Don't particularly care for the archway signage idea over Laura. With one at/planned for Hemming Plaza, this could get very overdone.

Plan looks to show a lot of shade trees. This is good idea, as long as they are "neat" trees that don't drop a bunch of leaves, seeds, branches, other stuff that requires clean up. Clean-up maintenance is not one of Jax's areas of strength. Seems to me incorporation of strategically placed misting stations would also help make walkability more comfortable during warmer times of year.
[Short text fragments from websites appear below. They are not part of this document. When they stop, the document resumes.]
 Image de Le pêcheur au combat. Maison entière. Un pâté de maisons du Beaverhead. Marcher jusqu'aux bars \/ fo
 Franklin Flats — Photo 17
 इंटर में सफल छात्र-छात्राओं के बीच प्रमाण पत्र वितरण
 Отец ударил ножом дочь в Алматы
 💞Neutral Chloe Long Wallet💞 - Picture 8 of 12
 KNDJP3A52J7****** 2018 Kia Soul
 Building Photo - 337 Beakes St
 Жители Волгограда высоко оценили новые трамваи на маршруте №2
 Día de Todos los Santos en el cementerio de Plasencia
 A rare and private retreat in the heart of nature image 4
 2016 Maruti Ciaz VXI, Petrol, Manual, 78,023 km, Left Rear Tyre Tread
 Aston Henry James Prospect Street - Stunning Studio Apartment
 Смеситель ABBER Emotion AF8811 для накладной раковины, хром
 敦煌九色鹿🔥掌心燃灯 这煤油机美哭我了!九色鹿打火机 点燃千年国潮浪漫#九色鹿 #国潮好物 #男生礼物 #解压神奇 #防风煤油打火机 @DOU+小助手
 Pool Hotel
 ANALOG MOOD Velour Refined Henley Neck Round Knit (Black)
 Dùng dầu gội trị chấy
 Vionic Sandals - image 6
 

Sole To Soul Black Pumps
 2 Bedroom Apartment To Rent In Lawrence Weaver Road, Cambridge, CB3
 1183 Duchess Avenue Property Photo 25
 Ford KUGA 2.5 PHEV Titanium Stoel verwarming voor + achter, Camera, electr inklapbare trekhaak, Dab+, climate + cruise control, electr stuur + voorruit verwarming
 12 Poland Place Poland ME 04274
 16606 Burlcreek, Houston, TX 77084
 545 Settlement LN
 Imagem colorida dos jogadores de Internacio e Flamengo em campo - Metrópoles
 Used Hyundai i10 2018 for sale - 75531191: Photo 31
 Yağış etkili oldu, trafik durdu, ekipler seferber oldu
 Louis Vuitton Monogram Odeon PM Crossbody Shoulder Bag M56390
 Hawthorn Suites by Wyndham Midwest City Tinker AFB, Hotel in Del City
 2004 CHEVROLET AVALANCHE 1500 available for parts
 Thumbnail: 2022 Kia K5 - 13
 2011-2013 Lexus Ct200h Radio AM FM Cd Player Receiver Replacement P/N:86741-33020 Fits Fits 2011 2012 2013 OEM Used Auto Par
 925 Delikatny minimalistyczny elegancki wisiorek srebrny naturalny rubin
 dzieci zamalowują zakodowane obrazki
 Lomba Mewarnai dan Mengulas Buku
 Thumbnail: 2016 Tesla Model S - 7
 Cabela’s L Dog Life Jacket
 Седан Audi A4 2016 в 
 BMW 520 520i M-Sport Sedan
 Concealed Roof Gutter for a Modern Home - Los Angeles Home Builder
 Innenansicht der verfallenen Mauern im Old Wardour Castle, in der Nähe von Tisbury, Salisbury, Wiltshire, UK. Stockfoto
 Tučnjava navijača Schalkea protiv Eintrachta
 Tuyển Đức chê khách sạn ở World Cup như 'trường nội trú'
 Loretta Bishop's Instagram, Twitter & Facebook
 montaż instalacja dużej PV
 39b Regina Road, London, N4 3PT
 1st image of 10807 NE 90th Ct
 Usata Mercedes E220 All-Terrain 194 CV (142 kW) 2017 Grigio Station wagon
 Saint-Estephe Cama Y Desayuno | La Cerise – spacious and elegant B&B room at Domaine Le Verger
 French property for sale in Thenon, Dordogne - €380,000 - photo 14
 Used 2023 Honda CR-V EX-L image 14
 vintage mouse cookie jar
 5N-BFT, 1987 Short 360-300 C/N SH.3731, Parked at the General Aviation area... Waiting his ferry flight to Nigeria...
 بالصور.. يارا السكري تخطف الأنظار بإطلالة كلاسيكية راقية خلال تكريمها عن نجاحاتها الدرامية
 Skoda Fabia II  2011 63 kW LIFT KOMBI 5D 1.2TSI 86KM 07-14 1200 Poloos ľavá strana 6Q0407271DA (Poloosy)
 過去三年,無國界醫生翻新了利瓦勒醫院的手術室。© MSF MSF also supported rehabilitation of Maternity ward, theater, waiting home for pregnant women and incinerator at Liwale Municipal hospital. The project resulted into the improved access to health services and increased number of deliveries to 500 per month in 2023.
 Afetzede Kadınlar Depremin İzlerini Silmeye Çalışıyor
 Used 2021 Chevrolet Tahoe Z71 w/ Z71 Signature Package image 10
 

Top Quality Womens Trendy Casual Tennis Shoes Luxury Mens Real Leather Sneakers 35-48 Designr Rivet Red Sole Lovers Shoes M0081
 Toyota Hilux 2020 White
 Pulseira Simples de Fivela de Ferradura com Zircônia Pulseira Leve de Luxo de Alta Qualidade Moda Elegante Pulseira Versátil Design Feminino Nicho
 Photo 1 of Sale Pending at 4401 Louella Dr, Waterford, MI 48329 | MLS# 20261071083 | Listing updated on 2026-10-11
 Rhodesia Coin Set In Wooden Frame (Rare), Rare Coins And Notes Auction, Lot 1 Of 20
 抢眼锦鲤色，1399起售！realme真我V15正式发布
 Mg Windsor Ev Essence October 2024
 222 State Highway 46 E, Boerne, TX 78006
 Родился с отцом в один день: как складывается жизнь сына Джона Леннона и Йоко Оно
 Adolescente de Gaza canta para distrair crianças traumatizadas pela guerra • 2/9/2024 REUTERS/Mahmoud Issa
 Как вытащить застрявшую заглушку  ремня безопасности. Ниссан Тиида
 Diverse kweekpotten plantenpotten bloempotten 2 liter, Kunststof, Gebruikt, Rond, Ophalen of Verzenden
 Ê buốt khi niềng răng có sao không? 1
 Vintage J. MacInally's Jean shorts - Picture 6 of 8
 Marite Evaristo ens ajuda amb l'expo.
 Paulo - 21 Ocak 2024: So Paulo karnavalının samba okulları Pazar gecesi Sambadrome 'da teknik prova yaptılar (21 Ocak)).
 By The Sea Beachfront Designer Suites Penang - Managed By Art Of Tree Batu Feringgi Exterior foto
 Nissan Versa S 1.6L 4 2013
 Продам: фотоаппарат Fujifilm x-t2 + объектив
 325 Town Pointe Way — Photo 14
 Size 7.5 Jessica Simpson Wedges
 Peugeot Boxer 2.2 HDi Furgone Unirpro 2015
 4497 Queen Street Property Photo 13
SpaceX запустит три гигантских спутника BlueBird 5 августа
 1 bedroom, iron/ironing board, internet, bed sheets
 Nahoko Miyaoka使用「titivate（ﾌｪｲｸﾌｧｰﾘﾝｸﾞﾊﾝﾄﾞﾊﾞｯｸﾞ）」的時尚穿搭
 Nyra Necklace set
I'm one of those people who does not believe in throwing a lot of money at something if its not absolutely necessary.  With that said, the circle, the brick gateways and the wayfinding kiosk (as sketched) may be a little overboard.  However, I do love the idea of moving the Jackson statue to that location and making it a visual focal point.

I also like the idea of at-grade tree grates.  This increases the usable width of the sidewalks without having to completely rip all of the existing concrete out and replacing it (which would be another excessive expense in my book).

One thing I don't care for is taking out the parallel parking spaces on the block between Bay Street and Independent Drive.  Laura Street is wide enough to accomodate two lanes of traffic and sidewalks/parallel parking on both sides of the street. 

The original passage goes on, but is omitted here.